GIVEN MATERIAL section start
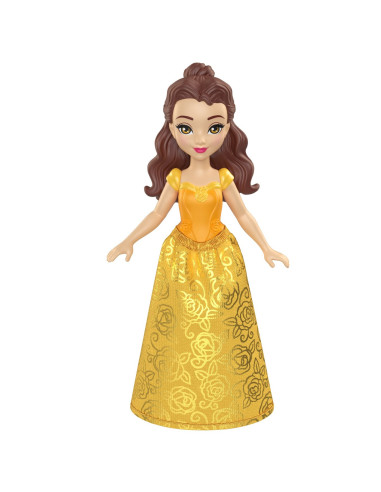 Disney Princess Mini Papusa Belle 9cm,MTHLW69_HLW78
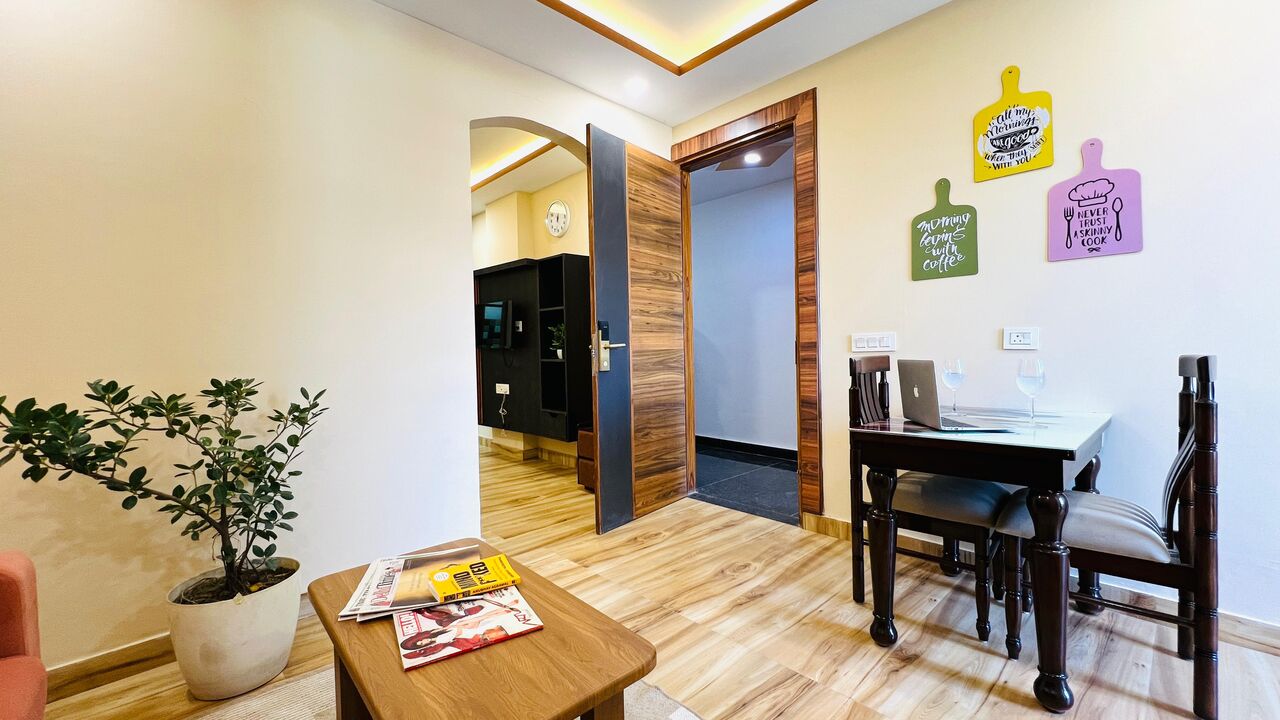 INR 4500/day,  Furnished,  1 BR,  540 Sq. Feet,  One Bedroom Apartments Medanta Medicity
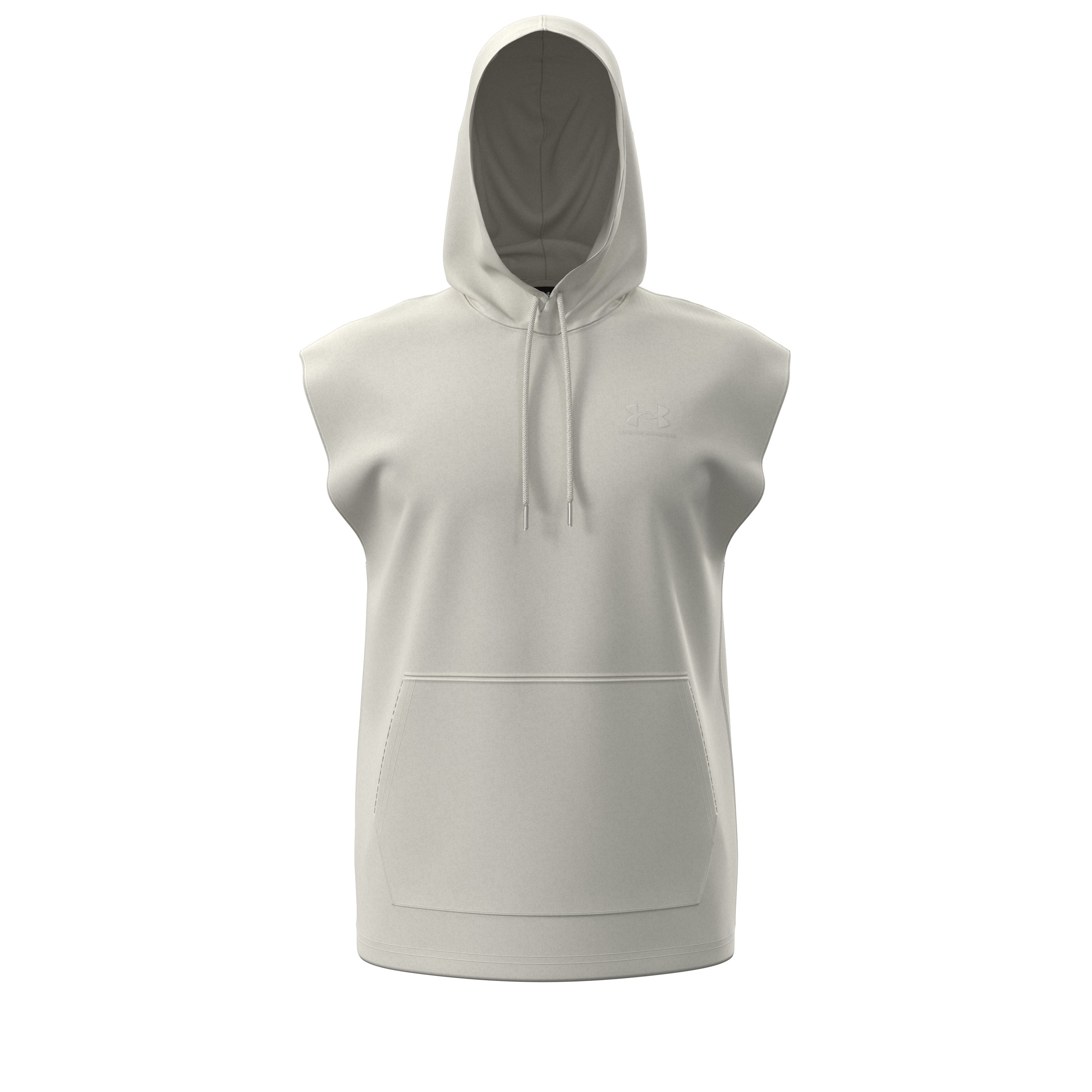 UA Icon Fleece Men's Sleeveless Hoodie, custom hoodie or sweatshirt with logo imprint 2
GIVEN MATERIAL section end
*ACTIVITY:* Would you transcribe, exactly and only, the lines from the one that contains "Apartments Medanta Medicity" through the last line of the data above, without any pictures?

*YOUR SOLUTION:*
 INR 4500/day,  Furnished,  1 BR,  540 Sq. Feet,  One Bedroom Apartments Medanta Medicity
 UA Icon Fleece Men's Sleeveless Hoodie, custom hoodie or sweatshirt with logo imprint 2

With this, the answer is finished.